PROBLEM REQUIREMENTS: Copy the lines below exactly, starting at the one with "Snapshot of billycluber" and ending at the one with "Building Photo - 3", and leave out any picture.
--- DATA PROVIDED Enclosed Below ---
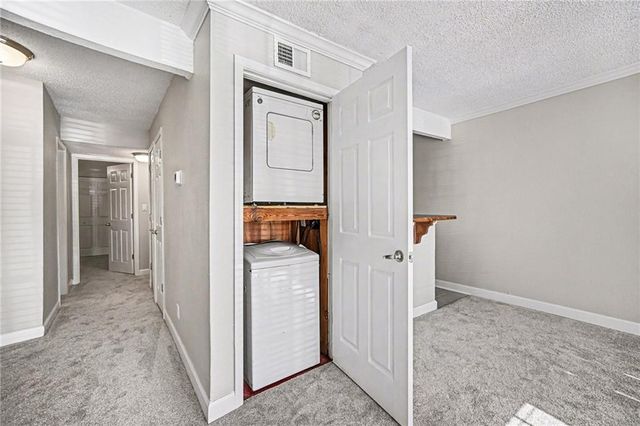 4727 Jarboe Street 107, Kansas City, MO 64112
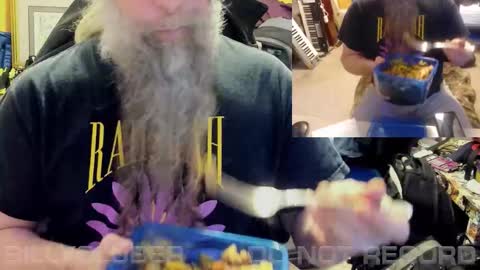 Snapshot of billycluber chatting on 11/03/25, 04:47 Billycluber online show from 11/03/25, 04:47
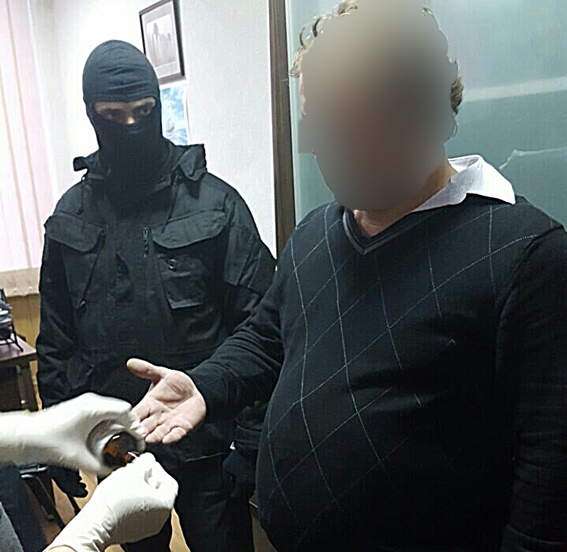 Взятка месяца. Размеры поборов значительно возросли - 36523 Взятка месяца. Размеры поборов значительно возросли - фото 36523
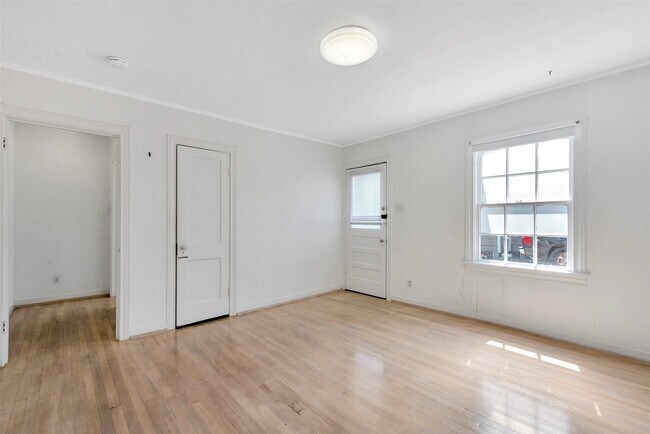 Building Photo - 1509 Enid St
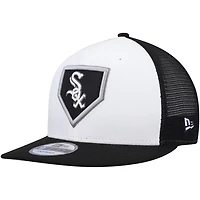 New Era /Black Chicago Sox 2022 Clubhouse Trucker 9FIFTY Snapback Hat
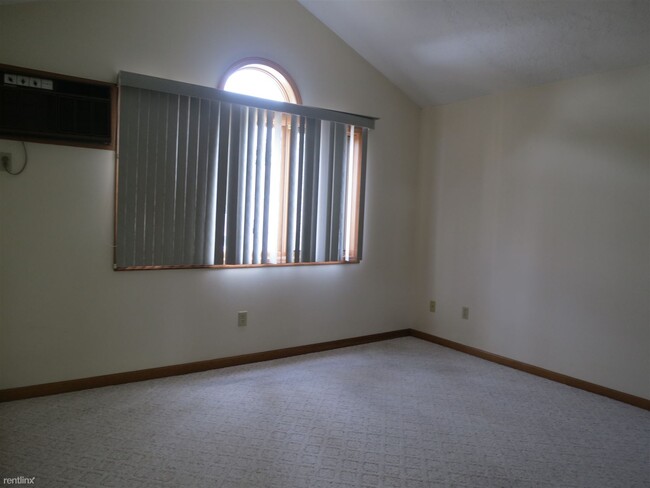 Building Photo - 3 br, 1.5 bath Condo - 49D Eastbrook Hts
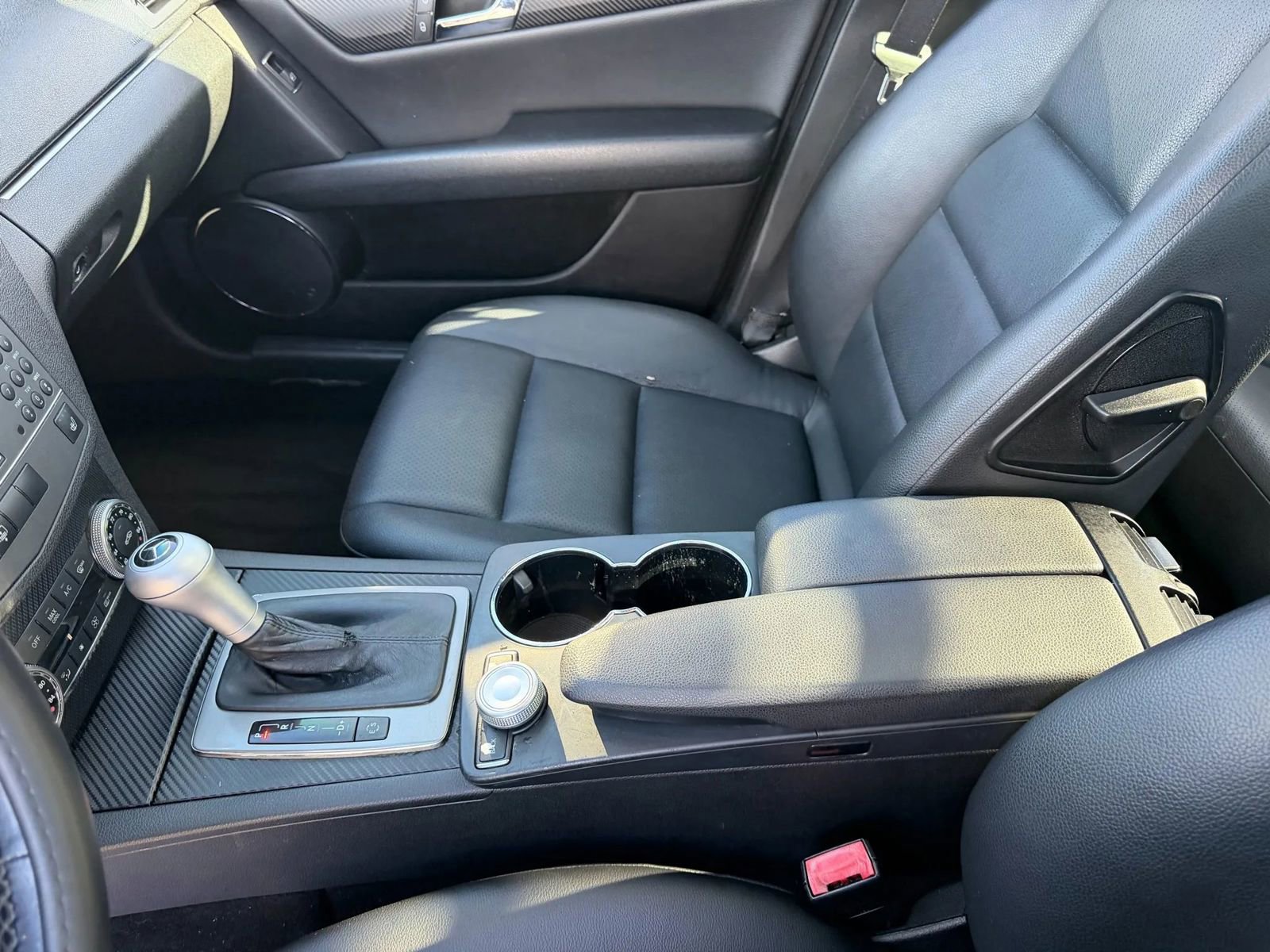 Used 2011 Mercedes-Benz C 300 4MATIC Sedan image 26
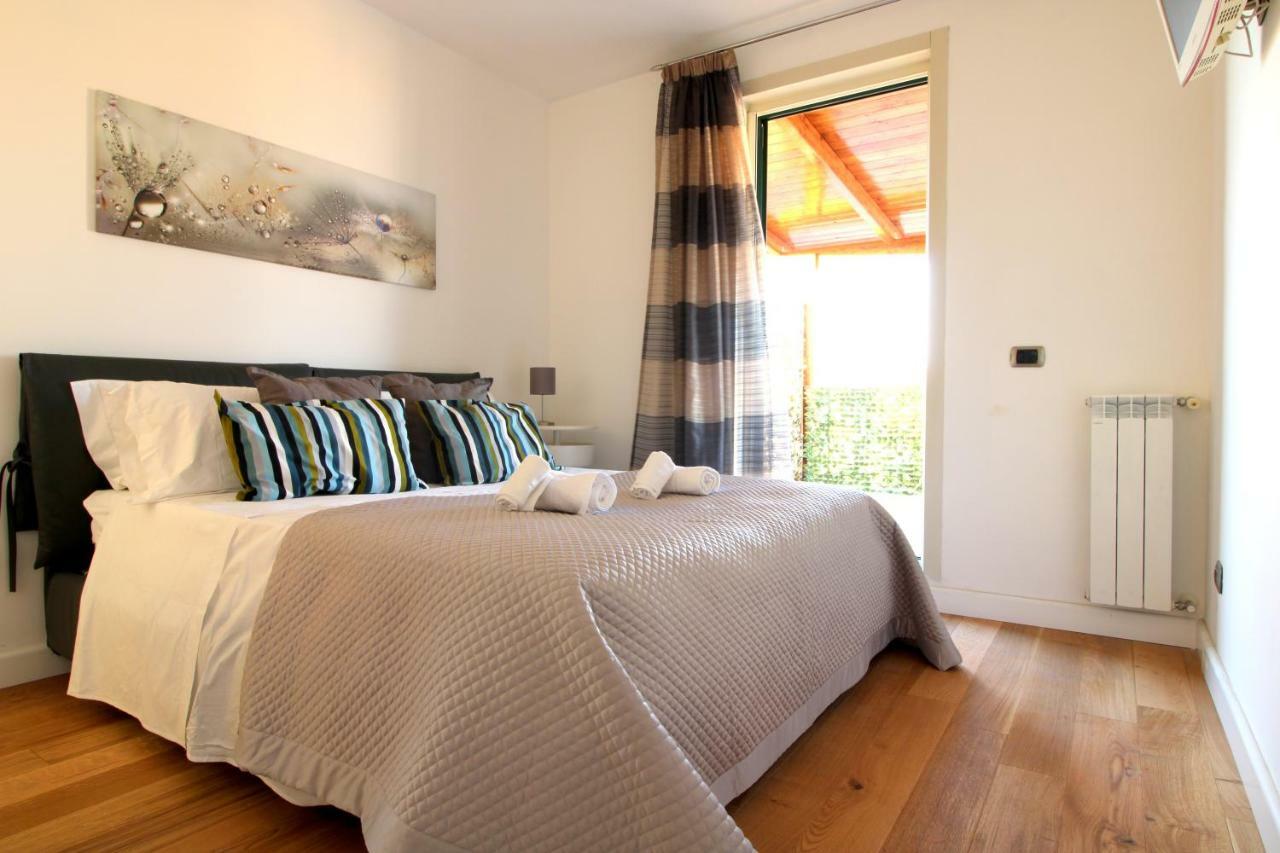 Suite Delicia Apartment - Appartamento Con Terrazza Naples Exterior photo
--- End of Enclosed DATA PROVIDED ---
EXERCISE RESPONSE:
 Snapshot of billycluber chatting on 11/03/25, 04:47 Billycluber online show from 11/03/25, 04:47
 Взятка месяца. Размеры поборов значительно возросли - 36523 Взятка месяца. Размеры поборов значительно возросли - фото 36523
 Building Photo - 1509 Enid St
 New Era /Black Chicago Sox 2022 Clubhouse Trucker 9FIFTY Snapback Hat
 Building Photo - 3 br, 1.5 bath Condo - 49D Eastbrook Hts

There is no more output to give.